Written By: - Date published: 3:55 pm, January 21st, 2026 - No comments
Categories: atlas, books, liberalism, Politics, thinktank - Tags: ,


A prominent supporter of the Atlas Agenda in NZ has penned a passive-aggressive defence of his ideology masquerading as book review about populism. The book, apparently, paints populism as a grave danger. To what exactly, you might ask, and this is where the book review(ed) is vague and ambiguous using various terms/concepts such as ‘the state of the world’, ‘open society, democracy and the rule of law’, ‘free society’, ‘liberal society’, ‘civil society’, ‘liberal democracy’, ‘liberty’, and other more distantly related terms. In any case, I think it’s a red herring.
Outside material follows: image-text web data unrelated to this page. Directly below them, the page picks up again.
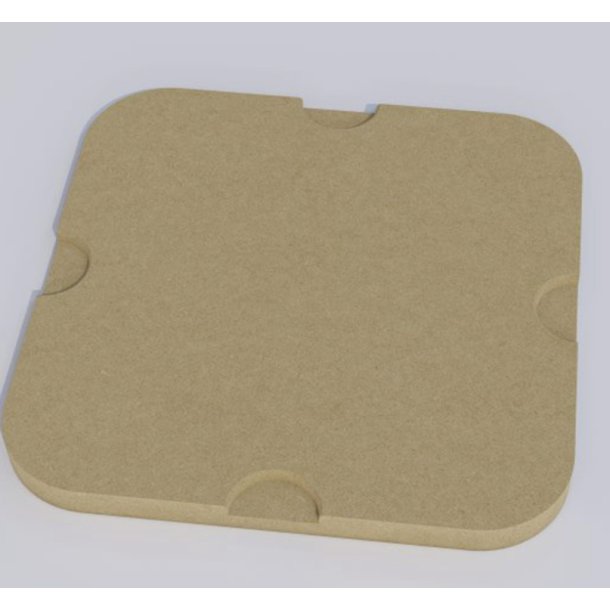 Otho udskiftningsplade 18x18 cm (pakket � 5 stk)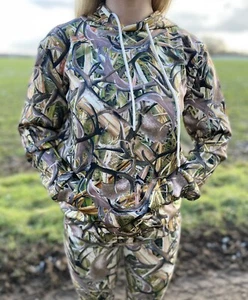 Ladies Hunting Soft Shell Jumper Realtree Style Pattern Brand New Size 14 - Picture 1 of 4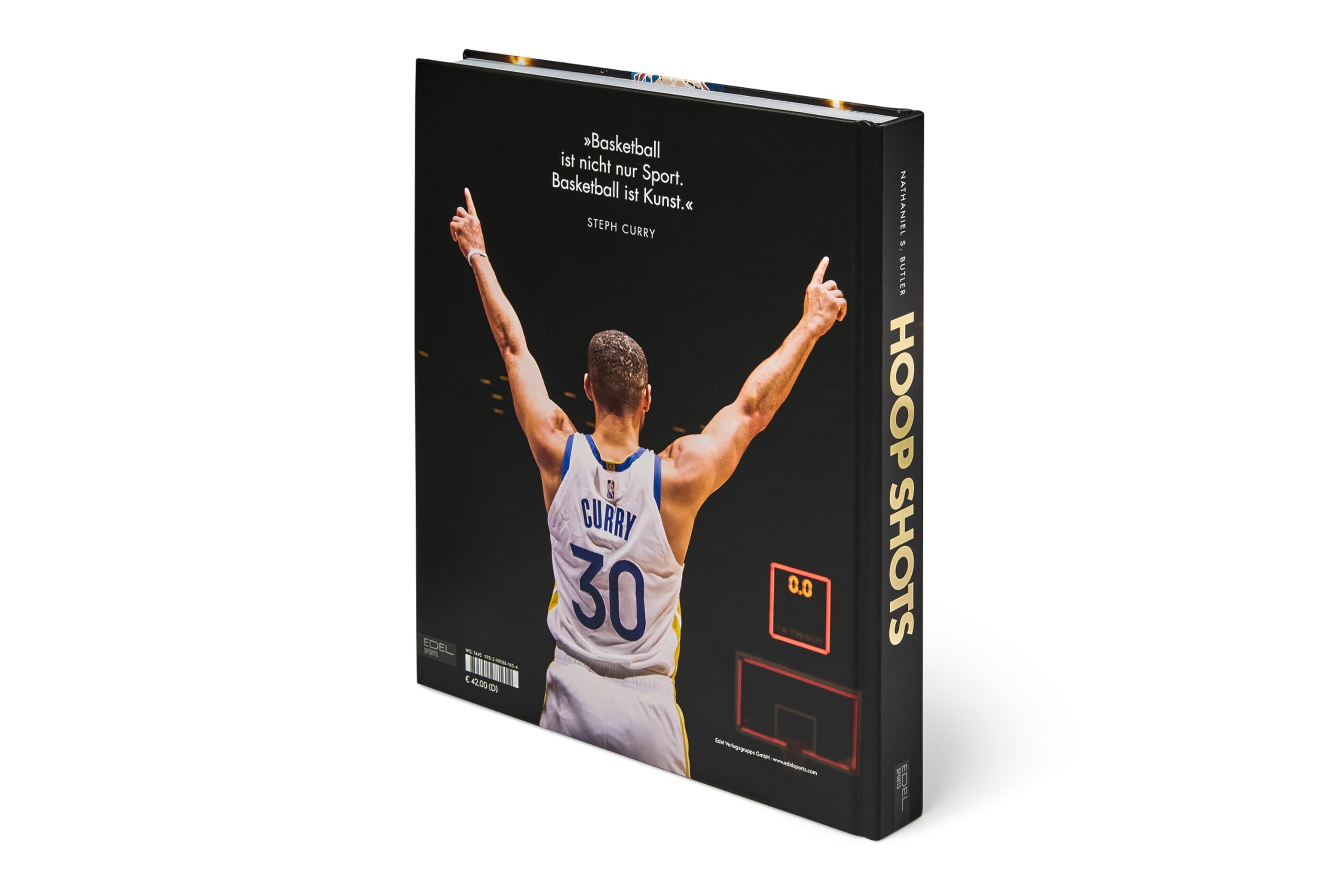 Hoop Shots: Fotos, die NBA-Geschichte geschrieben haben. Perfekt für alle, die Basketball und die beste Liga der Welt lieben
To give the book reviewer due respect and credit, I assume that he’s simply pining for a lost dream and ideals in the nostalgia of reading during a “summer break at the beach” and that he means well. However, good intentions don’t always lead to good outcomes. Nor does having no intentions. Without deep critical thinking and moral reflection, and even with good (the best) intentions, we can fall in [the trap of] thoughtlessness, intellectual obedience, and ideological compliance that, as Hannah Arendt argued, can lead to evil and malicious outcomes. A summer break is an ideal opportunity to review one’s dreams and ideals.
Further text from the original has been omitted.